Hoy he vuelto a Madrid.



Dice Manuel Jabois –a quien por cierto, algún día explicaré que desde que me hice una foto con él, todo ha ido a peor en mi vida- que “una de las cosas más curiosas que siempre se le dice a la gente que escribe es que se vaya a Madrid”, y cuenta de hecho, como ejemplo de dicha teoría, que un amigo de un familiar suyo una vez le dijo que para ser escritor había que irse a Madrid. O eso dice él que dijo.

Yo hoy no me he ido, pero he vuelto a Madrid. Lo había hecho otras veces desde entonces, pero ninguna de ellas tan decidido a tropezarme –contigo- en mitad de alguna calle. He cogido el metro en Argüelles, como solía hacer otrora, y he comprobado una estación tras otra cómo el tren sigue tardando entre ocho y nueve minutos en llegar hasta Velázquez; aunque en realidad me haya bajado en Serrano, por esa costumbre tan mía de llegar pronto a todas partes con tal de no llegar tarde.

He vuelto a Madrid para refrescar mi memoria con un poco de café y otro poco de conversación con alguien con quien me identifico desde hace algún tiempo. Y lo he hecho para recordarme a mí mismo por qué pasado mañana hace un año que tuvieron lugar dos de los hechos más importantes de mi vida: dejar de forma definitiva el despacho en el que trabajaba, y fundar otra empresa personal que, aunque hace meses se encuentra liquidada, todavía a veces mantengo la esperanza de reflotar.

Hoy en Madrid no había nubes, o al menos no las suficientes como para hacerme cejar en mi idea de recorrer una tras otra sus calles a pie. Después de todo, cuando uno no tiene nada que hacer más allá de escribir cosas que no puede publicar, el tiempo se convierte en algo completamente relativo. Así que he decidido perderme –metafóricamente hablando, claro- desde Núñez de Balboa hasta la calle Princesa caminando siempre por la acera de los impares mientras sonaba Nacho Vegas; y mientras paraba de vez en cuando en algún que otro semáforo en rojo, por aquello de que lo importante es volver. Y porque lo cívico no debía estar reñido –al menos no esta mañana- con lo simbólico del momento.

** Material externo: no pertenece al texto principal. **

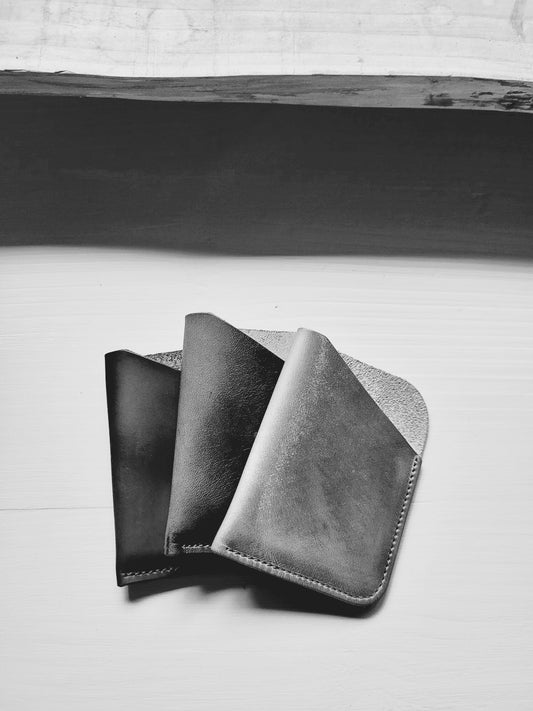 Nettle Wallet - Various Colours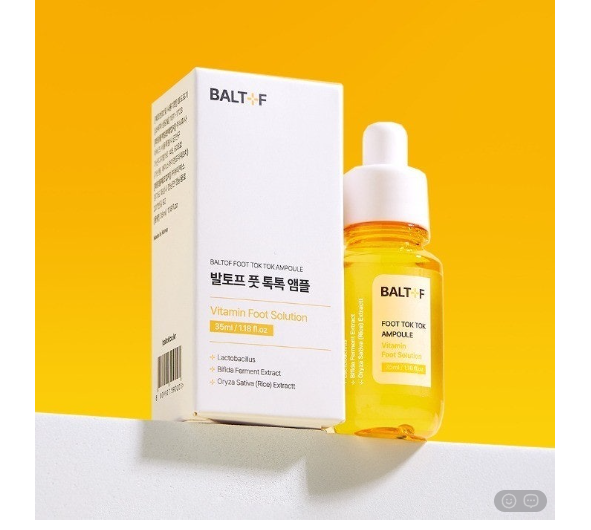 💢발토프 풋 톡톡 앰플💢 1+1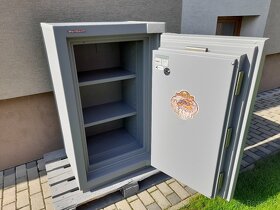 Predam Trezor zn.WERTHEIM - 6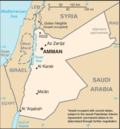 Thumbnail for List of twin towns and sister cities in Jordan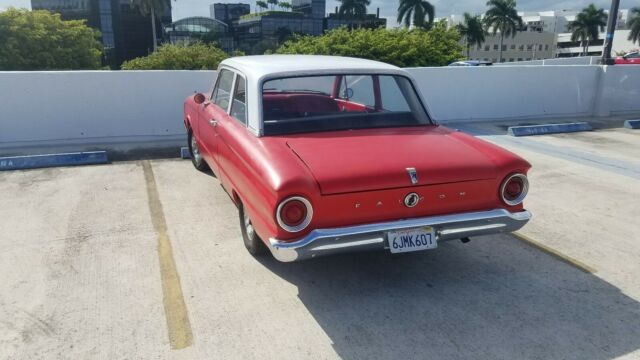 1963 Ford Falcon - photo 4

Así, he bajado por la calle Goya, y he cruzado por Velázquez, Lagasca, Claudio Coello, y Serrano para llegar hasta la Plaza de Colón, desde la cual he cruzado la Castellana, para subir por Génova hasta la plaza de Alonso Martínez. Una vez allí, he cruzado la bendita calle Almagro, y la calle Santa Engracia (en la que tantos buenos ratos he pasado) para seguir por Sagasta, Carranza, y finalmente Alberto Aguilera, en la cual he cogido el metro.

¿Por qué cuento todo esto? Pues porque esos veinte y cinco minutos que he tardado en recorrer de un punto a otro la ciudad han sido el mejor momento del día. Porque mientras recorría esa distancia he comprobado lo bien que sienta a veces el anonimato de una gran ciudad. Y porque hoy jueves día veinte de febrero, esta mañana a eso de las once, aun a riesgo de dejar de ser anónimo al doblar alguna esquina, he vuelto a Madrid.